Has devious district-making killed electoral competition?

There's a growing consensus among good-government reformers that partisan mapmaking is the cause of many, if not most, contemporary political problems. Sophisticated technology and block-by-block voting data have allowed politicians to create sets of districts that are each locked up for one party or the other, so that competition takes place only in primaries, not general elections. Candidates need to appeal only to party loyalists and not the broader public. And that, in turn, has led to polarization among lawmakers.

So the argument goes. It is far from a new argument--the term "gerrymander" itself dates back to 1812--but the chorus of complaint has grown unusually loud at the mid-point of the current decade, five years before the next census will require new maps to reflect population changes. Redistricting reform has suddenly supplanted campaign finance as the cause nearest and dearest to activists, academics and editorial writers who find the political status quo unacceptable. It has become the subject of conferences, scholarly research and, most important, ballot initiative campaigns in California, Ohio and Florida.

Those states are worthy targets for reformers, since political competition has been all but eliminated from each of them at any level where district lines matter. In the much-cited example of California, not a single one of the 153 campaigns for Congress or the legislature last year led to a switch in party control.

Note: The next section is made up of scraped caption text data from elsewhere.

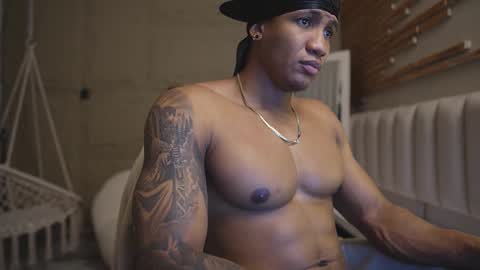 logan_varela online show from 03/26/26, 01:49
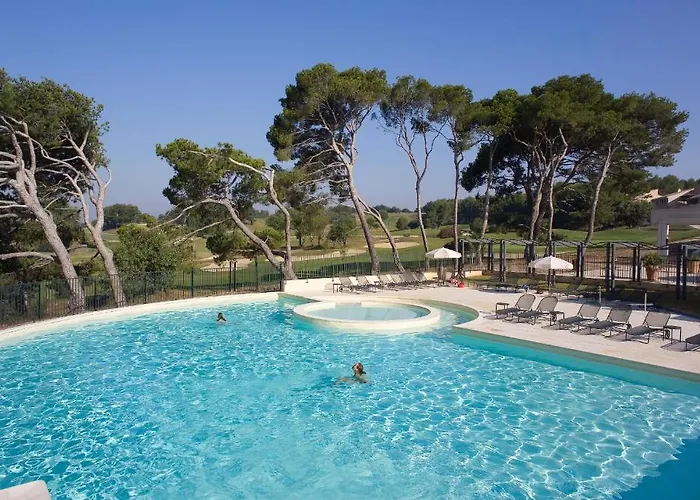 Madame Vacances Residence Provence Country Club Saumane-de-Vaucluse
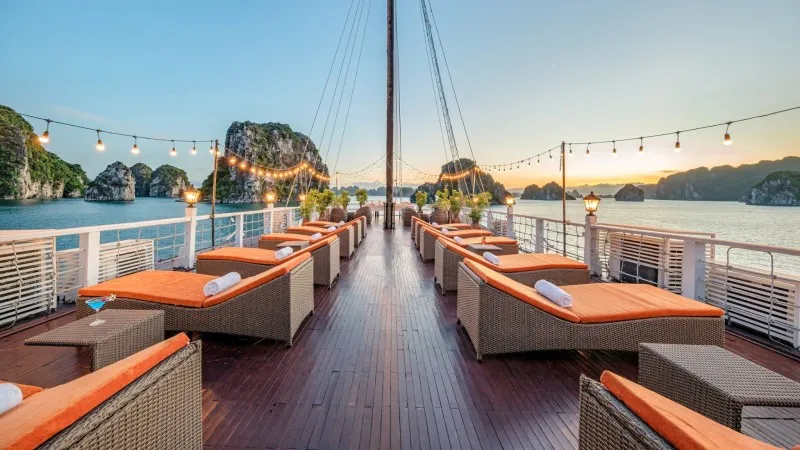 Airy Sundeck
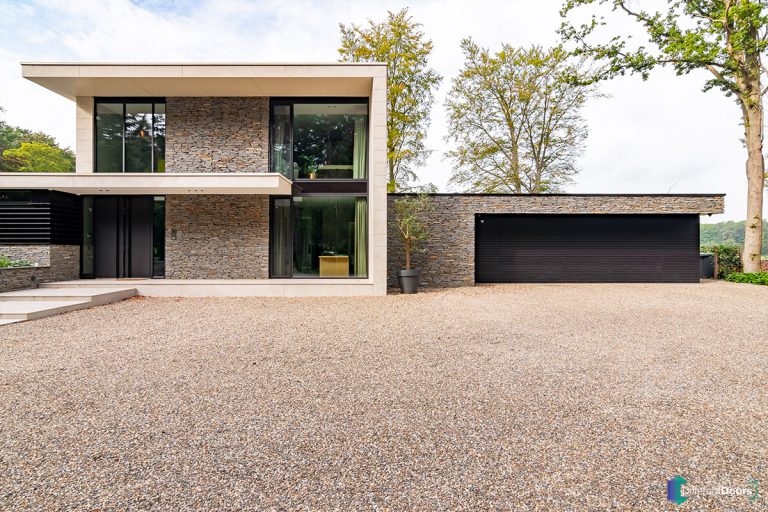 Houten garagedeur met mato alu profielen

After a summer of legal wrangling, Governor Arnold Schwarzenegger's initiative to take redistricting out of the hands of politicians is back on next month's California ballot. Ohio voters will vote on a similar redistricting initiative at the same time; Floridians, and perhaps residents of other states as well, will get their turn in 2006. Each of the current state proposals creates different rules, but the goal of all of them (see box on page 48) is the same: anoint new mapmakers in hopes of sheltering them from partisan bias to the greatest extent possible.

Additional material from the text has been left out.